Bring out the good

· November 28, 2016

The other week I saw the most amazing transformation of a person I’ve seen in a few years. The number one spot is taken by Ibu Elsye.

As many of the other times I’ve seen changes like these I realize that the transformation, as well as the state before and after, are solely (not largely, but solely) created by the system we create for people.

I’ll elaborate on that as soon as I’ve described the change that I saw.

At first …

In my current team we needed to pave the way for easier deployments and to iterate and move faster. Since the company we work on doesn’t really embrace these ideas (yet) all, we have created a little task force to automate our build and some of our infrastructure creation needs.

In doing so we created a team with people from the different organizations needed to pull this off. One of those organizations was very old school. They are all resource utilization and maximizing the efficiency in the individual workers output.

It was, in a word, shocking to witness. The people (in which we soon will see an amazing change) from that organization was a bit like this:

  • Came into the room unprepared to our first meeting and the task in general - since he had been busy until the meeting started with other tickets
  • Stated clearly that tickets is the way to get paid around here so we need to talk about how that will be handled during these weeks
  • Looked gloomy and disillusioned during the initial days
  • Repeatedly asked what he really was here to do
  • Referred to problems being “not my area”, “I only do X - I know nothing about Y” and “you’ll have to ask [corporate function Z] about that “

Everything about them was siloed and slow. They even kept uptight around the coffee we had together.

.. but then …

Before you get your hopes up… we didn’t achieve anything earth shattering for the entire organisation. But for the individuals the change was important enough…

What we simply did was to create a team consisting of the people from the different organisations. We gave them two discrete tasks to achieve. Together. As good as possible within the allocated time frame, which was ten weeks.

We then went on to create a space for them to sit together (and implored them to do so), made some simple decisions for cooperation such as holding a standup ever morning, making a visual board with the tasks being worked on and finally showed them around the teams they were there to help.

The board was, btw, super-simple; just columns for “To do”, Doing, Done and a WIP limit of the number of team-members on the Doing-column.

We then let them start their work and I offered my services, should they be needed.

…and all of a sudden …

In the beginning I still heard a few “I don’t know what I can do about that” and “That’s networking’s problems - I only do security” etc.

But two days in something amazing happened. All of a sudden I heard a different tone in their voice, a more cheerful tone. And from time to time I could hear “Can you help me work on this thing”. There was some common coffee drinking, the morning meetings even contained some laughter and playful bantering.

On the fourth morning meeting we started to hear “I can take a look at that. I don’t know how to accomplish that yet, but I’ll work something out”.

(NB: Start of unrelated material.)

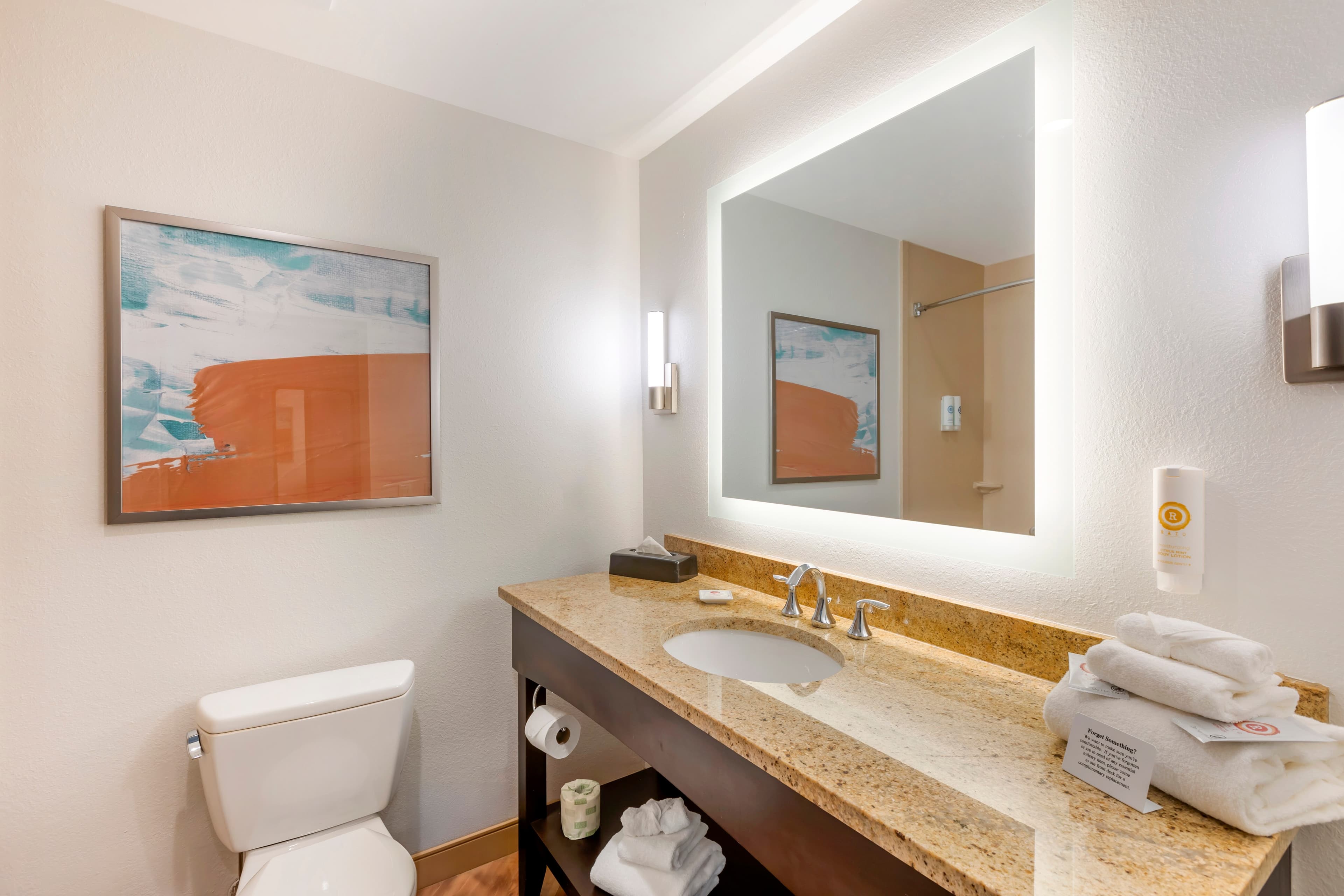 Comfort Inn & Suites Verona at Turning Stone Resort Casino — 25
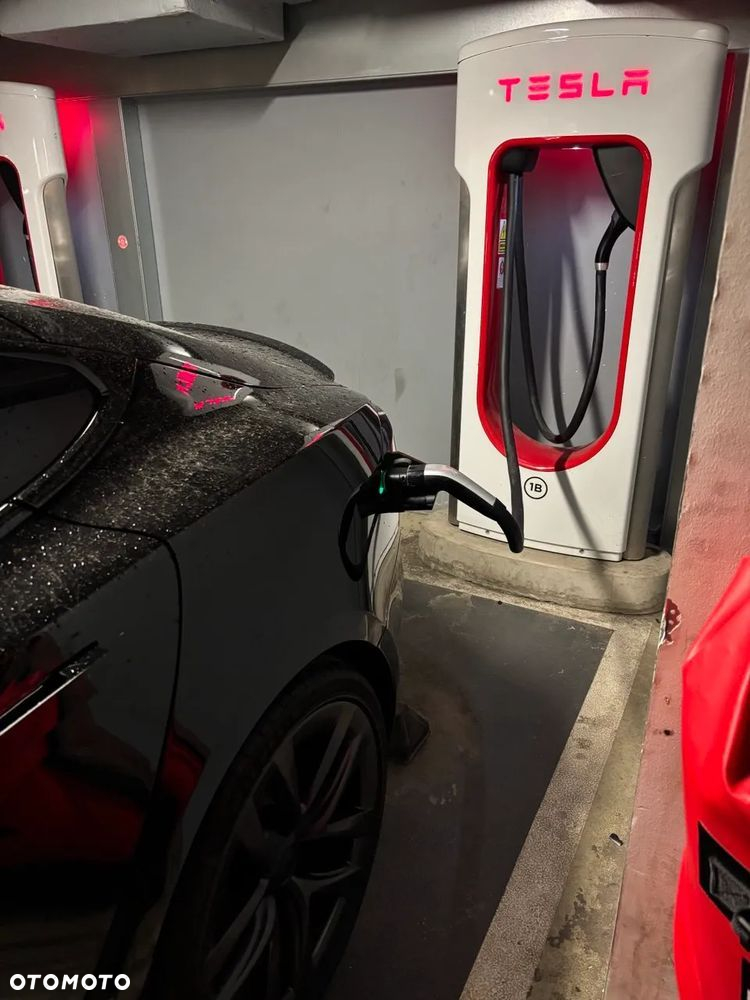 Tesla Model S Plaid - 22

I was flabbergasted! What happened?! How could someone that just four days ago was all about “Not my table”, “I don’t know - talk to those other guys” become a “I can help you with that even though I don’t work with those things”.

It’s by no means perfect and a total change, but it was clear enough for me to see a new person emerging from the closed up individuals that was here before.

…that probably has to do with …

There’s of course many things at play here and I take almost no credit for the change personally. I do, however, note the following:

  • A greater deal of trust was shown to the people in the team
  • A greater deal of autonomy was given to the people in the team
  • We gave clear direction and goals as to what to accomplish and left how to accomplish it up to the team
  • We visualized their work
  • We held daily synchronization meeting in the team, that helped them see their work progress (or not) frequently. Also this gave the opportunity for the team to talk, as a team, about how to finish stuff as a team.

But, just as with [Ibu Elsye]((http://www.marcusoft.net/2015/10/how-trust-kanban-and-a-little-structure-saved-a-life.html), the big moment here was to see amazing people emerge out of a system that have held them down for a long, long time.

And it gave me another opportunity to think again about the environments and context that I’m creating in the future; how can I help to bring out the best of people and not hold them back?